§ **Material provided**
+++++

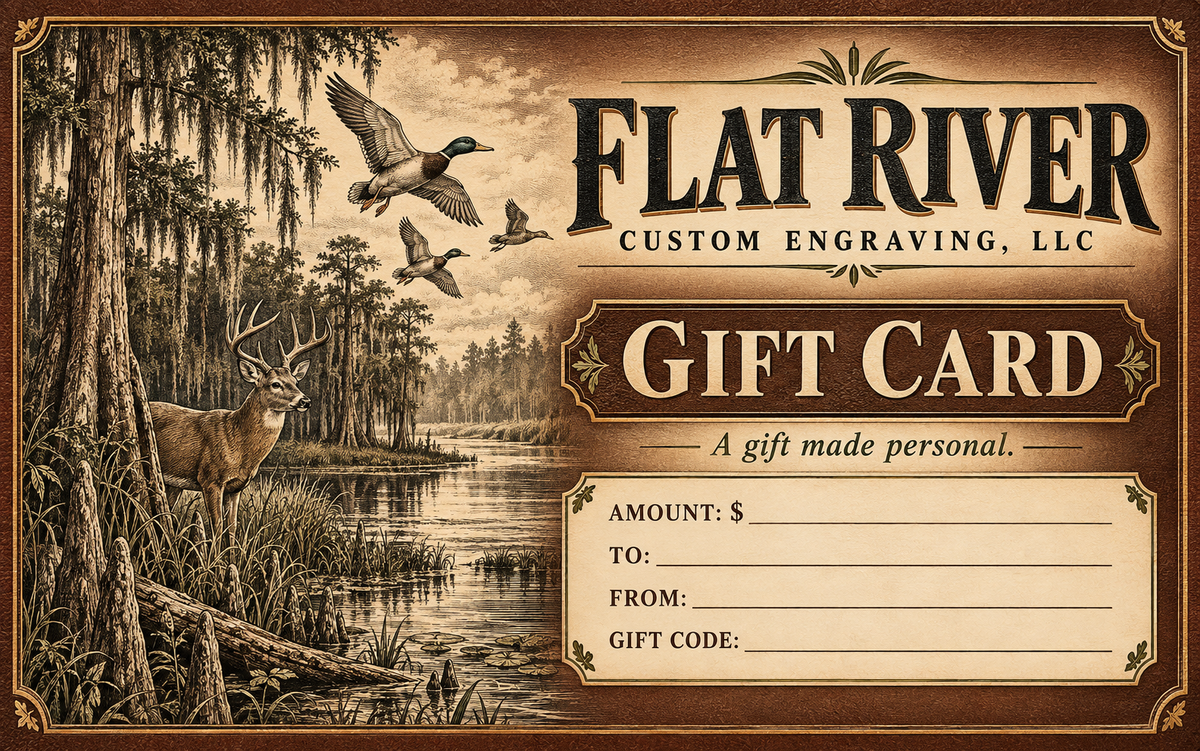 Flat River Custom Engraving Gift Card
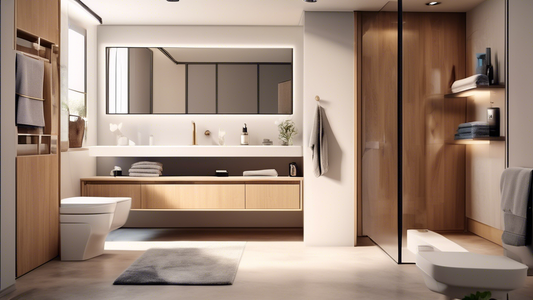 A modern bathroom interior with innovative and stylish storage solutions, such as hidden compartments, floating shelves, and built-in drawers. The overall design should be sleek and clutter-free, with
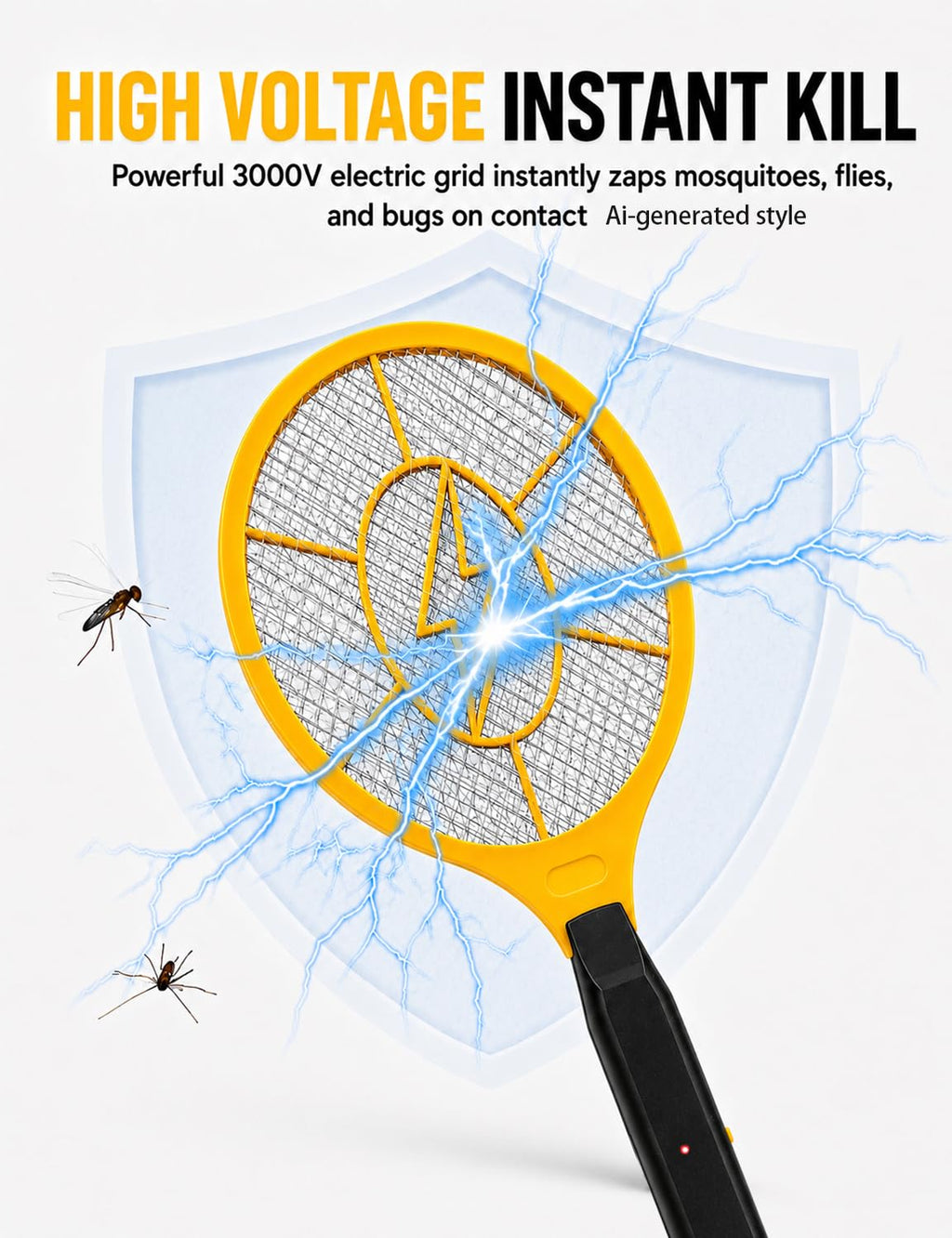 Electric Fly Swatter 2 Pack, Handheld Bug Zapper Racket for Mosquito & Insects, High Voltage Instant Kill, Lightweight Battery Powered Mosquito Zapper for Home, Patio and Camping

+++++

§ **Work request**
Your answer must be the full listing, copied exactly, with no pictures in it.

§ **Task solution**
 Flat River Custom Engraving Gift Card
 A modern bathroom interior with innovative and stylish storage solutions, such as hidden compartments, floating shelves, and built-in drawers. The overall design should be sleek and clutter-free, with
 Electric Fly Swatter 2 Pack, Handheld Bug Zapper Racket for Mosquito & Insects, High Voltage Instant Kill, Lightweight Battery Powered Mosquito Zapper for Home, Patio and Camping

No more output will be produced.